"Tamam o zaman." Dedi usulca. Daha sonra alakasız bir şekilde "Acıktın mı?" Diye sordu.

"Ay biraz acıktım galiba." Derken Alparslan geldi yanımıza.

"Selamün aleyküm." Dedi sandalyeye otururken.

"Aleyküm selam." Dedi Zehra usulca.

Yanına oturan adama çevirip başını bakmadı bile.

"Fuat sende otur artık şuraya!" Dedim dayanamamış bir şekilde. "Cahit, bir şey söylesene."

"Otursana oğlum."

Kaç kere söylememe rağmen oturmayan Fuat, Cahit'in tek lafıyla sandalyeye oturuverdi.

"Ne yemek istersin?"

"Ne?"

"Acıktım dedin ya."

"Biraz ya." Dedim. "Yemesem de olur."

"Olmaz. Düşün bakalım canın ne istiyor?"

Biraz düşündüm ama aklıma bir şey gelmedi.

"Bilmiyorum."

"Buranın hamburgeri çok güzel oluyor." Dedi Zehra.
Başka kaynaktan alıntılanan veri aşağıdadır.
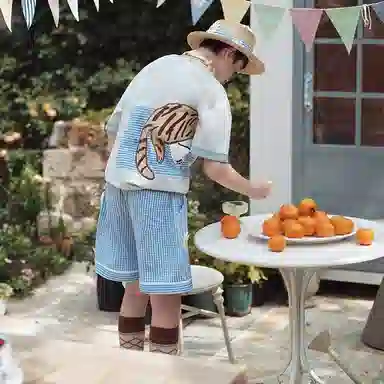 VALLEYOUTH Embroidered Plaid Patchwork Tee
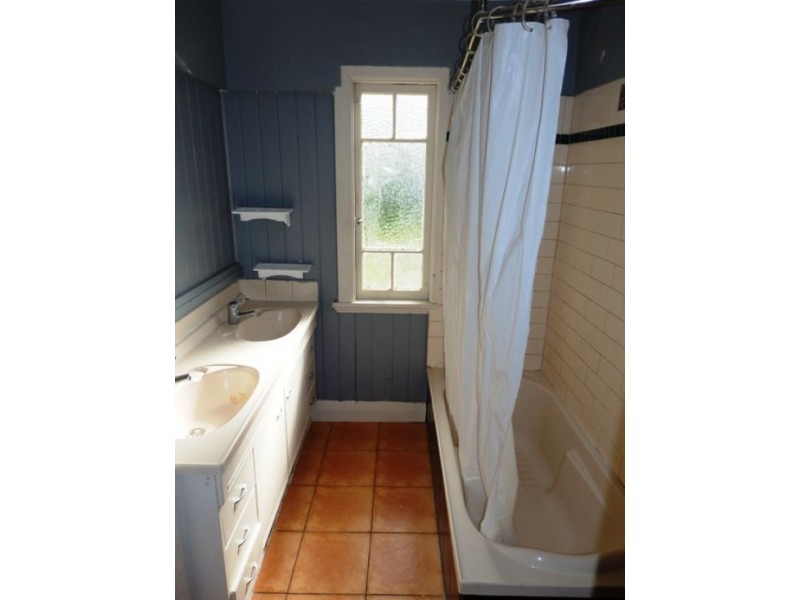 51 Lower King St, Caboolture QLD 4510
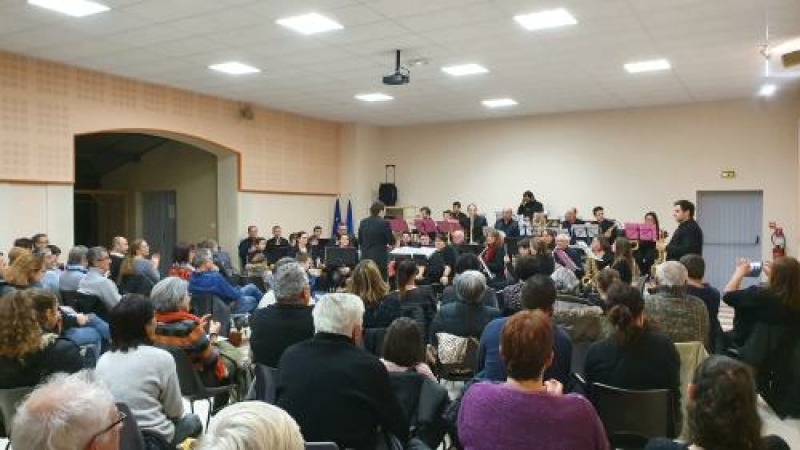 L'Harmonie vicoise fête Noël à Roquebrune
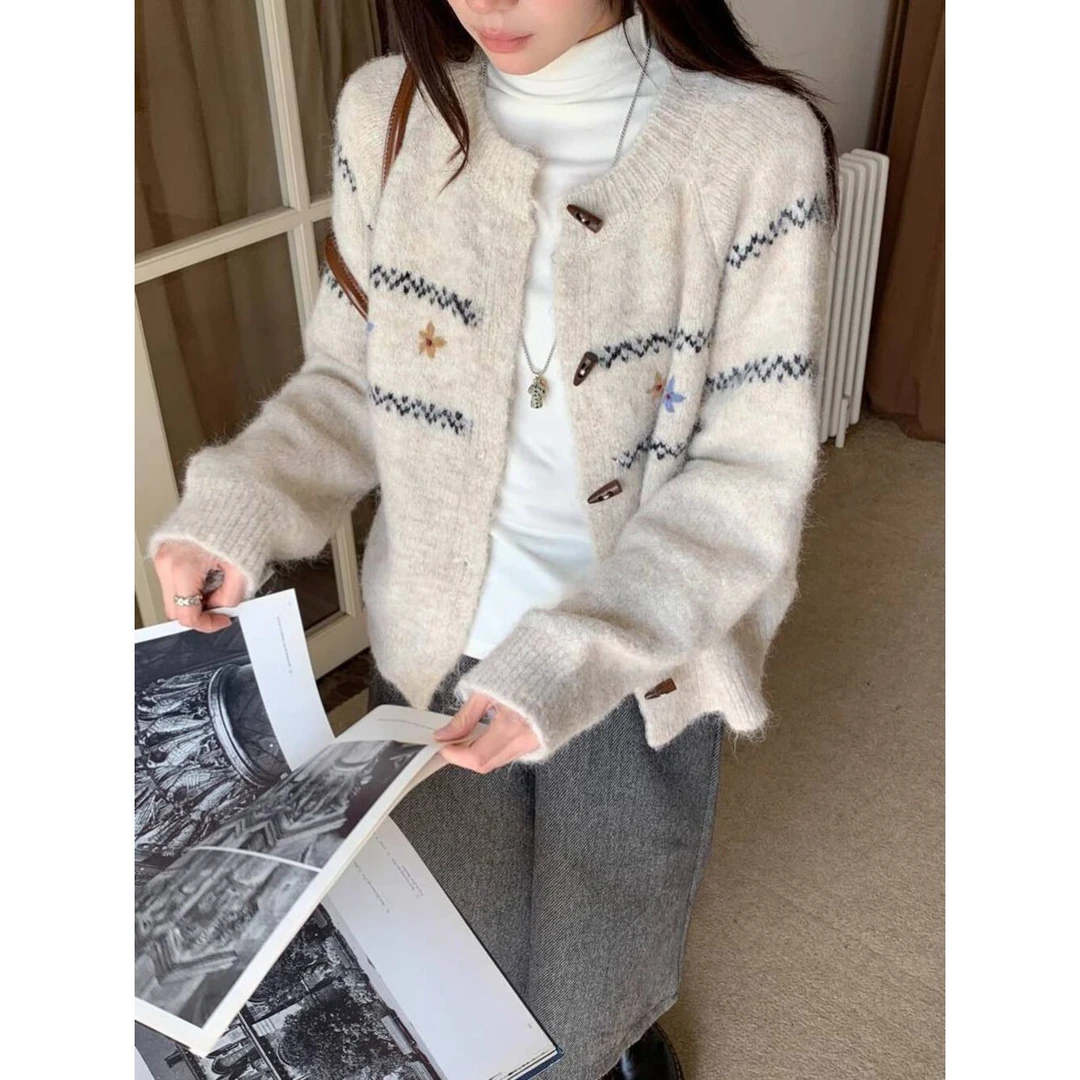 早秋复古牛角扣慵懒风毛衣开衫韩版减龄提花设计感上衣82156#0.12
Bakışlarımı ona çevirdim. "Gelmiştik ya bir kaç kere abimler ile, hatırlamıyor musun?"

"Hatırlıyorum." Dedim düşünerek ama tam olarak hatırladığımda söylenemezdi. "Hamburger yiyelim o zaman."

Cahit ben acıktım diye yemek yememi söylerken bir anda hepimiz yemek yerken bulmuştuk kendimizi. Neyse ki hatırlamadığım hamburgerin tadı çok güzeldi de yediğime pişman olmamıştım. Diğerlerinin de yüzlerine bakılırsa gayet memnun duruyorlardı.

"Ben gideyim artık." Diyerek ayaklandı Zehra. "Aslında hiç gitmek istemiyorum ama yarın erken yola çıkacaksınız, dinlenirsiniz biraz."

"Nasıl gideceksin eve?"

"Abim mesaj atmış, şirkette işi daha yeni bitmiş o alacak beraber geçeceğiz."

"Anladım."

Zehra ile uzun bir vedalaşma yaşadıktan sonra Zehra gitmişti. Bende masaya geri dönmüştüm.

Başımı yanımda oturan Cahit'in omzuna yasladım ve onları dinlemeye başladım. Bursa hakkında bir şeyler konuşuyorlardı.

"Ama Fuat bir durgunlaştı değil mi Bursa'ya gelince." Dedi Alparslan, Fuat'a takıldığını belli eden bir ses tonuyla.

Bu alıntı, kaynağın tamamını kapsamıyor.